What the task asks: What is needed is an exact copy of the listing, with no pictures in it.
+++++
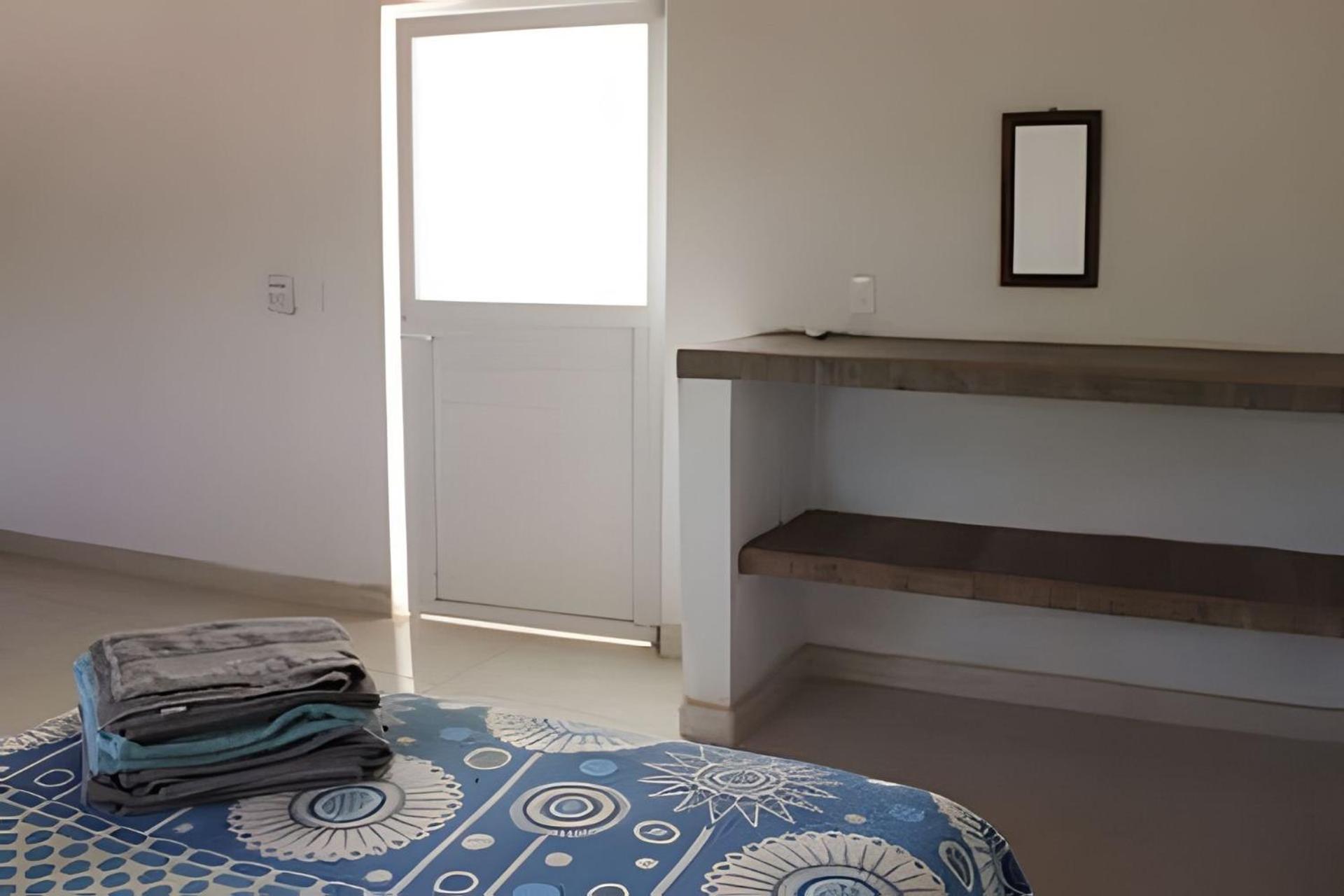 Villa C9 Casas La Colmena A 3 Min Playa Alberca 2 Rec. La Peñita de Jaltemba Exterior foto
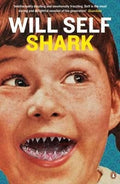 Shark by Self, Will - MPHOnline.com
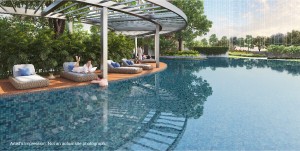 tvs emerald jardin 1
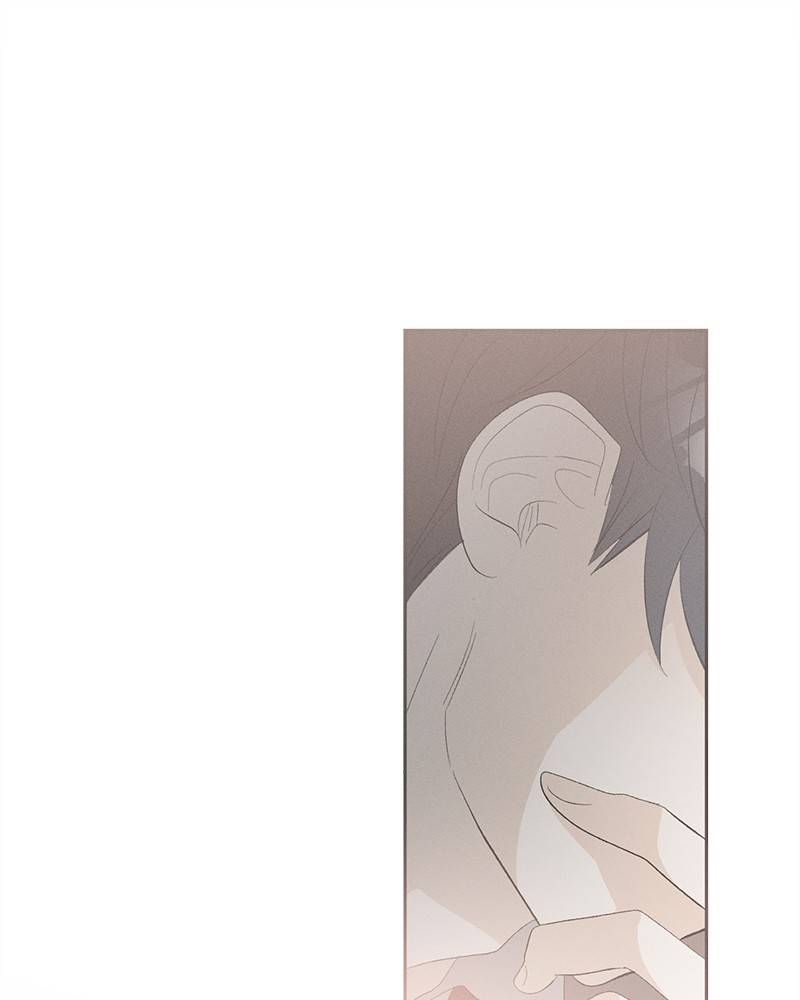 Chapter 58 - Image 83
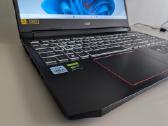 Acer Nitro 5 - Geras ir pigus žaidimų kompiuteris! - nuotraukos Nr. 3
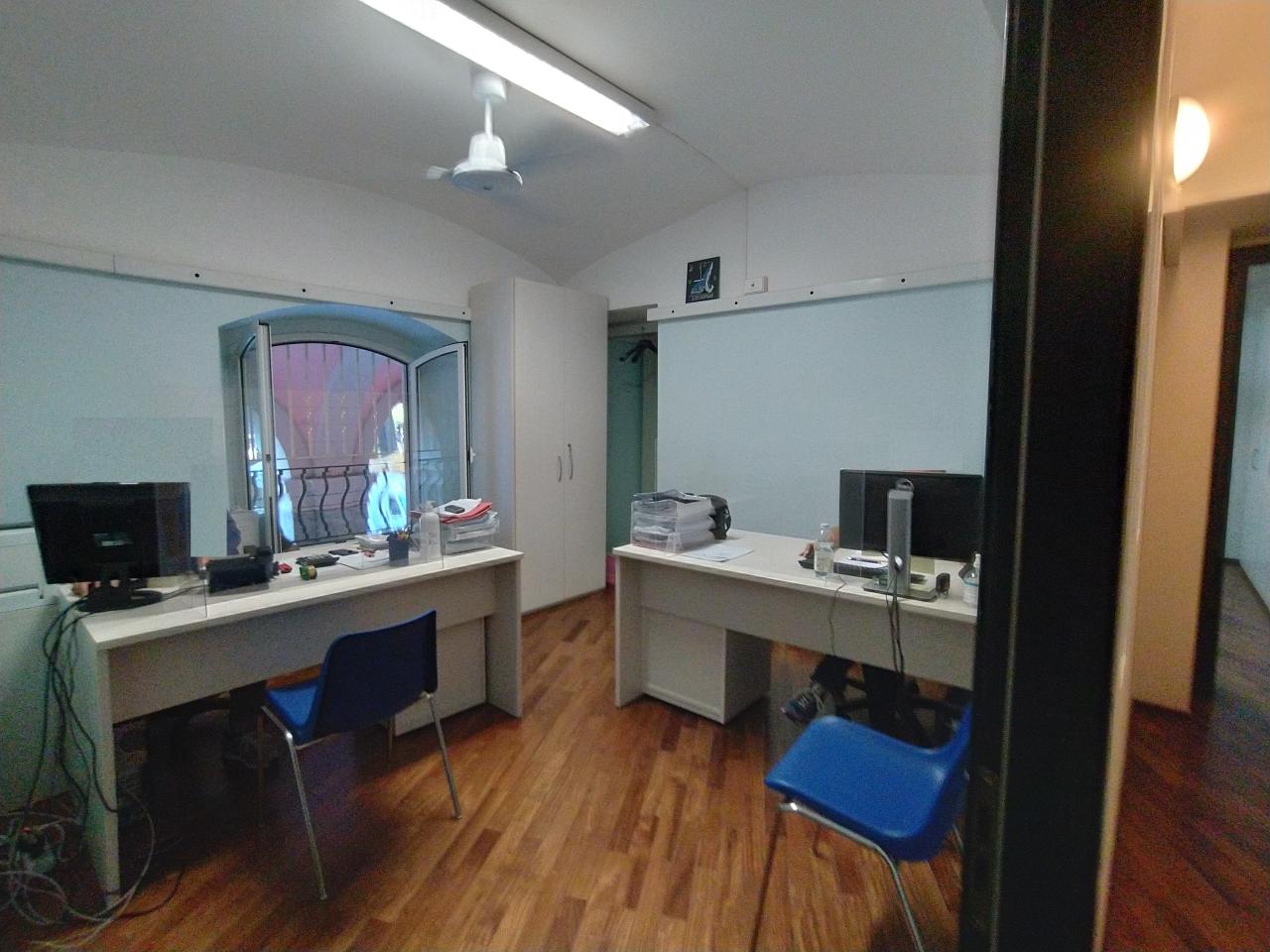 Ufficio in Piazza del Popolo, Savona, {3} - Foto 2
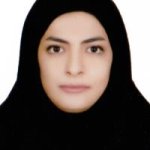 مهدیه مقدم فرد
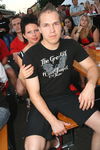 Coca Cola & Krone EM Fan Tour 2008  4114508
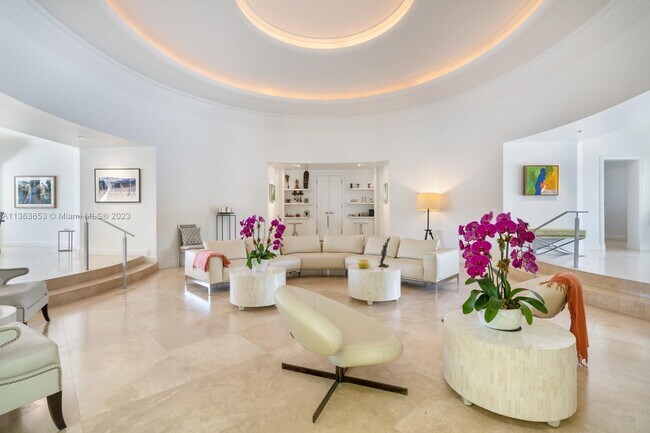 Foto del edificio - 2515 Flamingo Dr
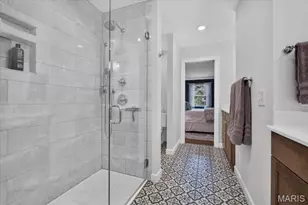 2045 Firethorn Dr, Saint Louis, MO 63131 - Photo 27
+++++
Exercise output:
 Villa C9 Casas La Colmena A 3 Min Playa Alberca 2 Rec. La Peñita de Jaltemba Exterior foto
 Shark by Self, Will - MPHOnline.com
 tvs emerald jardin 1
 Chapter 58 - Image 83
 Acer Nitro 5 - Geras ir pigus žaidimų kompiuteris! - nuotraukos Nr. 3
 Ufficio in Piazza del Popolo, Savona, {3} - Foto 2
 مهدیه مقدم فرد
 Coca Cola & Krone EM Fan Tour 2008  4114508
 Foto del edificio - 2515 Flamingo Dr
 2045 Firethorn Dr, Saint Louis, MO 63131 - Photo 27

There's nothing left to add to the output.